Wednesday, September 14, 2011

The Day (Almost) Everything Went Right…


Years ago, after coming out of the Army, I had a number of jobs. Back then we had the luxury of being able to change, because the job market was fairly open. Not so today… 

Lines and lines and shelves...
After selling hair stuff for a while, I began to get tired of rearranging supermarket and pharmacy shelves to better show my product; this meant featuring my “boxes” up front, while pushing the competition’s boxes towards the back end of the shelves.  Well, don’t look at the page that way… The reason I had to constantly rearrange everything was that someone else had done it before, putting my stuff all the way back… My bonuses were based on sales, so… in love, war, and sales…  As time went on, I couldn’t see myself selling hair coloring for the rest of my life, and the itch began to gnaw at me. Sales being in my “blood”, I began to search for possibilities. This looking brought me to the medical field; having more than one doctor in my family (in Cuba) and becoming one myself having been my onetime life goal, this field merited some closer looks. 

The first company receiving the benefits of my efforts was the one which brought birth control to the world… well… to the US, anyway. At one time I had enough samples of the stuff in my basement to keep NYC sterile for a couple of years. At no cost.
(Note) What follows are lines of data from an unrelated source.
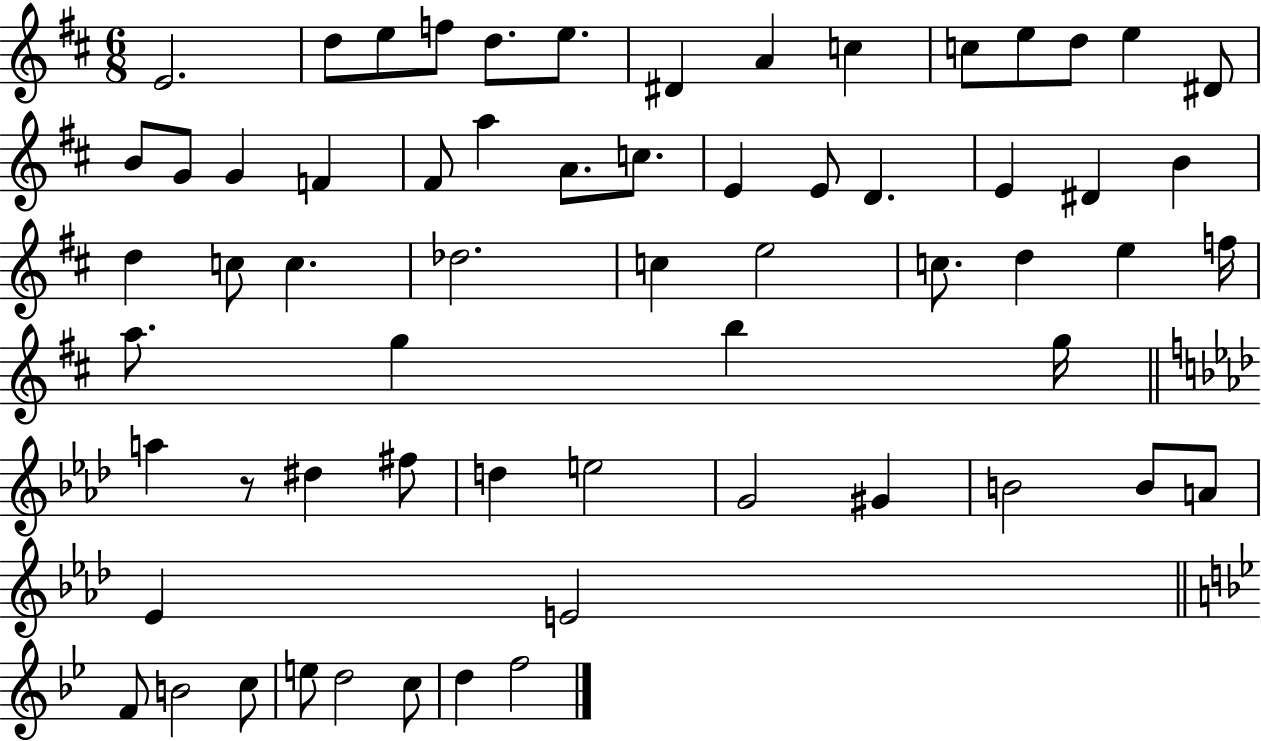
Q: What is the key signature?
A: D major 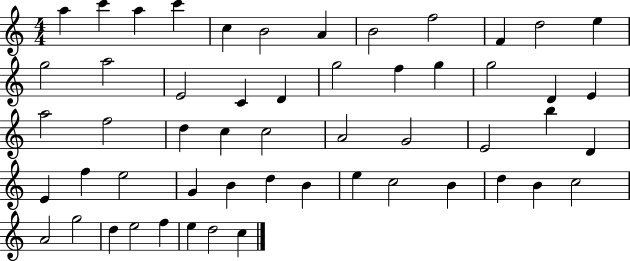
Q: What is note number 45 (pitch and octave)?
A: B4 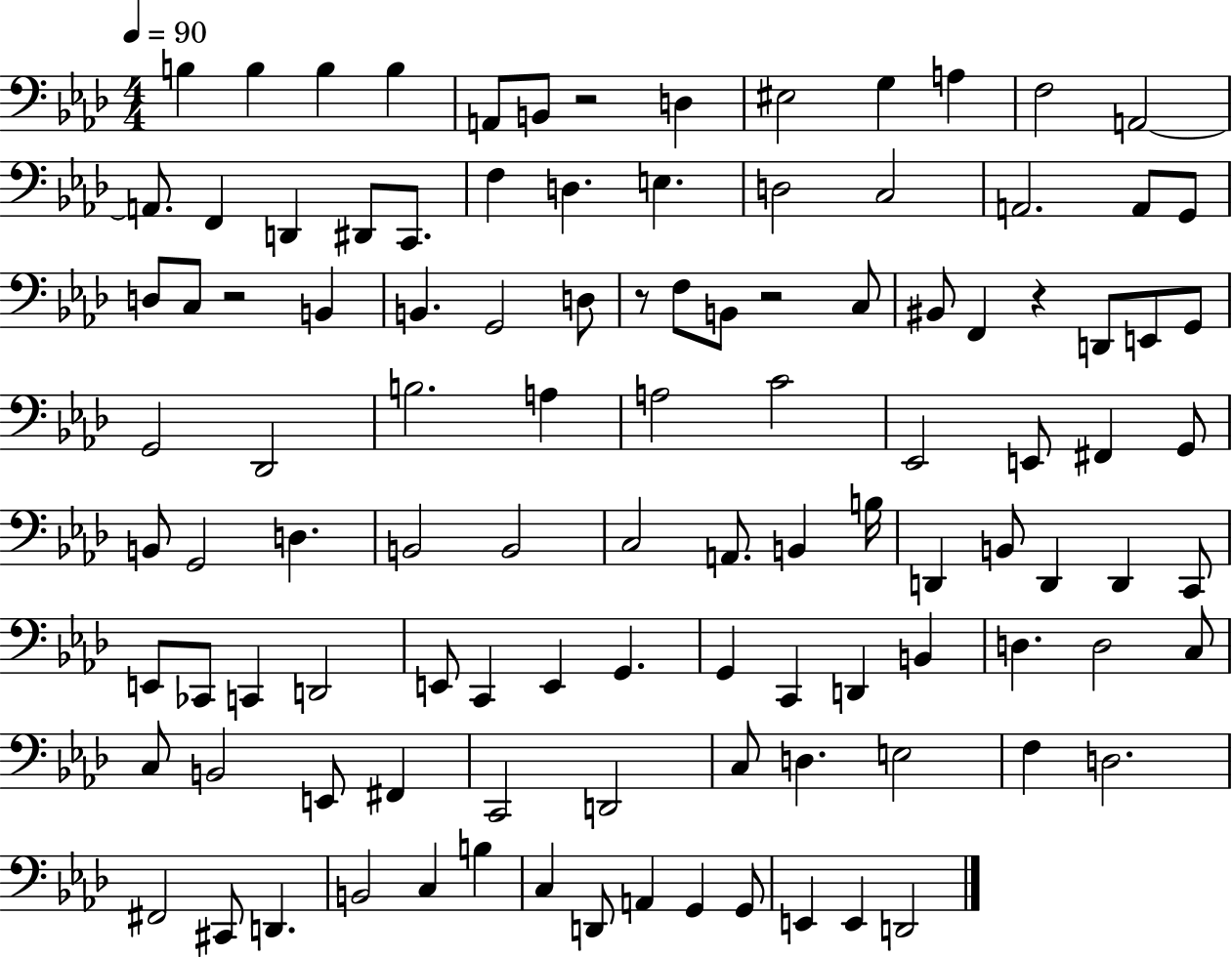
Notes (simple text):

B3/q B3/q B3/q B3/q A2/e B2/e R/h D3/q EIS3/h G3/q A3/q F3/h A2/h A2/e. F2/q D2/q D#2/e C2/e. F3/q D3/q. E3/q. D3/h C3/h A2/h. A2/e G2/e D3/e C3/e R/h B2/q B2/q. G2/h D3/e R/e F3/e B2/e R/h C3/e BIS2/e F2/q R/q D2/e E2/e G2/e G2/h Db2/h B3/h. A3/q A3/h C4/h Eb2/h E2/e F#2/q G2/e B2/e G2/h D3/q. B2/h B2/h C3/h A2/e. B2/q B3/s D2/q B2/e D2/q D2/q C2/e E2/e CES2/e C2/q D2/h E2/e C2/q E2/q G2/q. G2/q C2/q D2/q B2/q D3/q. D3/h C3/e C3/e B2/h E2/e F#2/q C2/h D2/h C3/e D3/q. E3/h F3/q D3/h. F#2/h C#2/e D2/q. B2/h C3/q B3/q C3/q D2/e A2/q G2/q G2/e E2/q E2/q D2/h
This pill was so successful that the company became pretty much a one pony show (“The Pill” was the one big ticket item at the time) and my inner self kept arguing with my outer self about looking elsewhere within the med field (both selves agreeing on this one issue) so that the product offerings would not be so skimpy. Thus I came to work with Pfizer Labs, one of the larger pharma-companies in the world. My territory remained, in part, within the Bronx (no longer the north part, but the then so-called “Fort Apache” area which was mostly Hispanic at the time) and the east side of Manhattan, from Central Park all the way down to The Battery
Always on to the next call

My training took on a whole new meaning… I had to learn about gastric juices and sugar overflow in the blood; the bronchial tree (wow!!) and the free flow of blood through the capillaries… Man!! Maybe having so many products wasn’t so hot… I could even talk about anesthetizing someone as if I really knew what I was saying… scary, huh? Every day became a continuing education forum, dictated by the many doctors visited. There were also hospital and pharmacies to call on, so they could be convinced to stock up on our goodies to be sold when the prescriptions came in. This, if I did my job getting the MDs to use my stuff.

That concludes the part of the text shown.